1. Overview

etcd is a distributed, reliable key-value store for the most critical data of a distributed system. Based on the Raft consensus algorithm, it provides strong consistency and high availability.

In Kubernetes, etcd is the single source of truth. It stores:

  • Cluster configuration (API objects).
  • Actual state info (Which pods are running where).
  • Service discovery and config sharing.
  • Backups and recovery data.

2. Basic Operations (etcdctl)

  • Member List: $ etcdctl member list
  • Storing Data: $ etcdctl put key value
  • Retrieving Data: $ etcdctl get key
  • Watching: $ etcdctl watch key (Triggers a notification when the key changes).

3. Leases and TTL

A Lease is a mechanism for expiring keys after a set time.

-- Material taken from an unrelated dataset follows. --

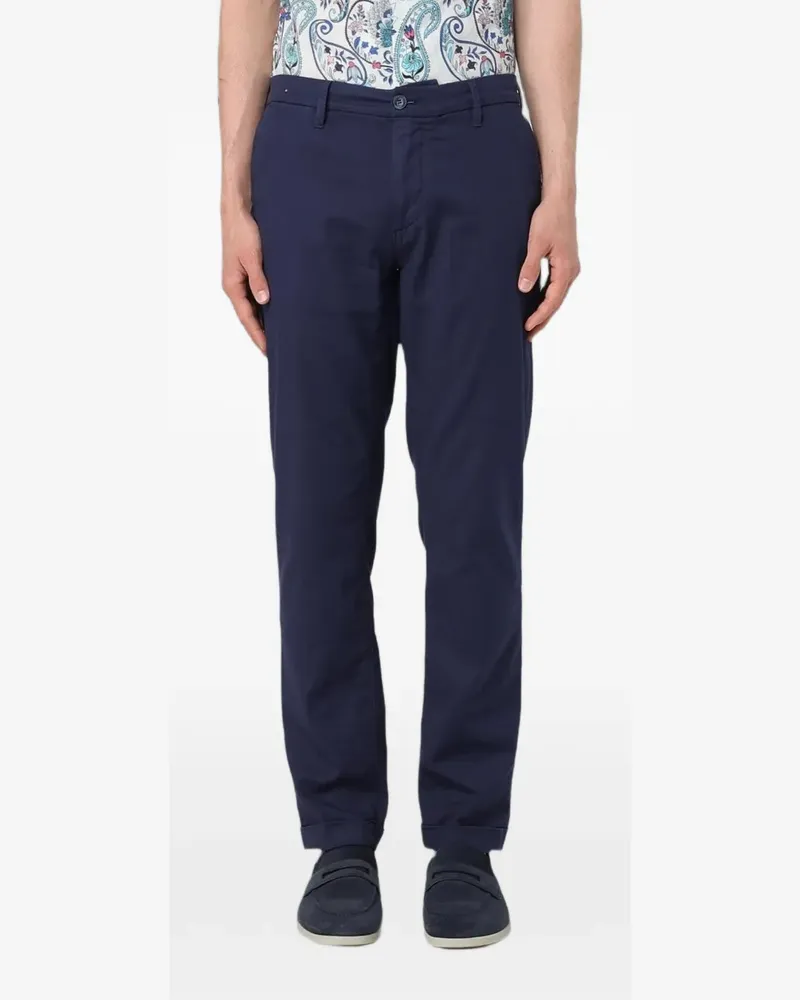 Re-HasH Chino mit Logo-Patch - Blau Blau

  • Grant Lease: $ etcdctl lease grant 60 (Creates a 60s lease).
  • Bind Key: $ etcdctl put k v --lease=[LEASE_ID]
  • Keep-alive: $ etcdctl lease keep-alive [ID] (Extends the TTL).
  • Revoke: $ etcdctl lease revoke [ID] (Deletes the lease and associated keys).

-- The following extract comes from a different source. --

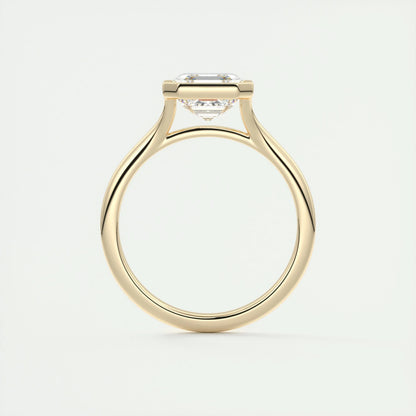 2 CT Asscher Bezel CVD F/VS1 Diamond Engagement Ring 14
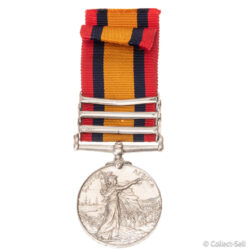 Queen’s South Africa Medal reverse showing Britannia directing troops under fire, Second Boer War medal.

Leases are commonly used for Distributed Locking and Service Discovery (e.g., if a node crashes and stops sending heartbeats, its lease expires and its registration key is removed).

4. Snapshots and Backup

A snapshot captures the entire state of the etcd database.

  • Save: $ etcdctl snapshot save backup.db
  • Restore: $ etcdctl snapshot restore backup.db

5. Running Etcd in K8s

For production, etcd usually runs on dedicated nodes. For development, you can use Helm to deploy it inside your cluster.

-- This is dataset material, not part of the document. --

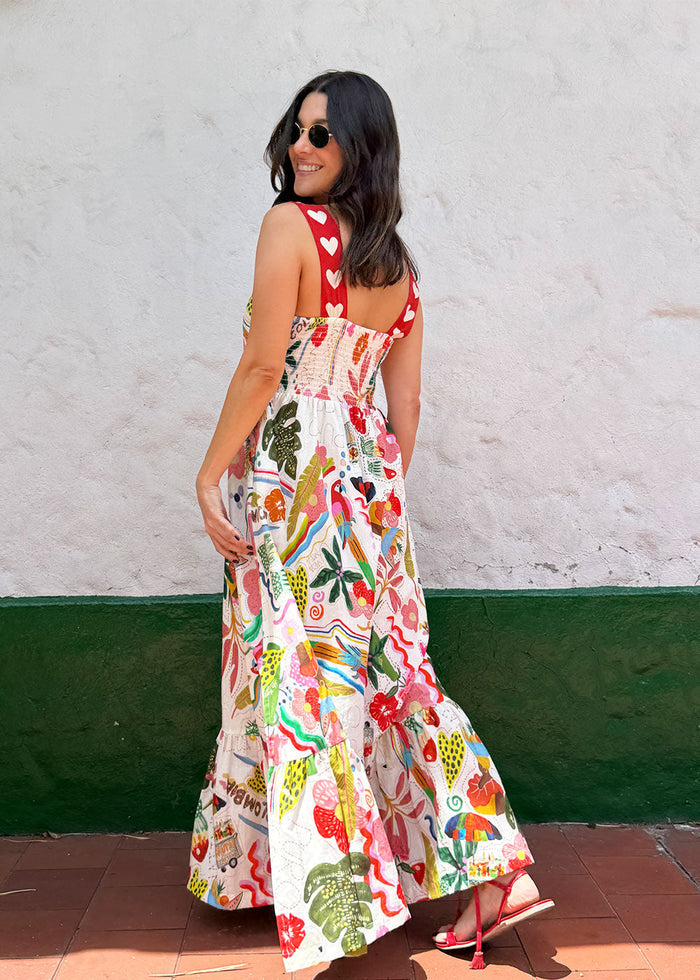 long printed cotton dress honeycomb stitch back detail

  1. Add Repo: helm repo add bitnami https://charts.bitnami.com/bitnami
  2. Install: helm install my-etcd bitnami/etcd --set persistence.enabled=false
  3. Verify: Use a client pod to test K-V operations.
    • $ kubectl exec -it my-etcd-0 -- etcdctl put /test "Hello"

Summary

The reliability of your entire Kubernetes cluster depends on etcd. Understanding its consensus model, watching capabilities, and backup procedures is vital for any cluster administrator.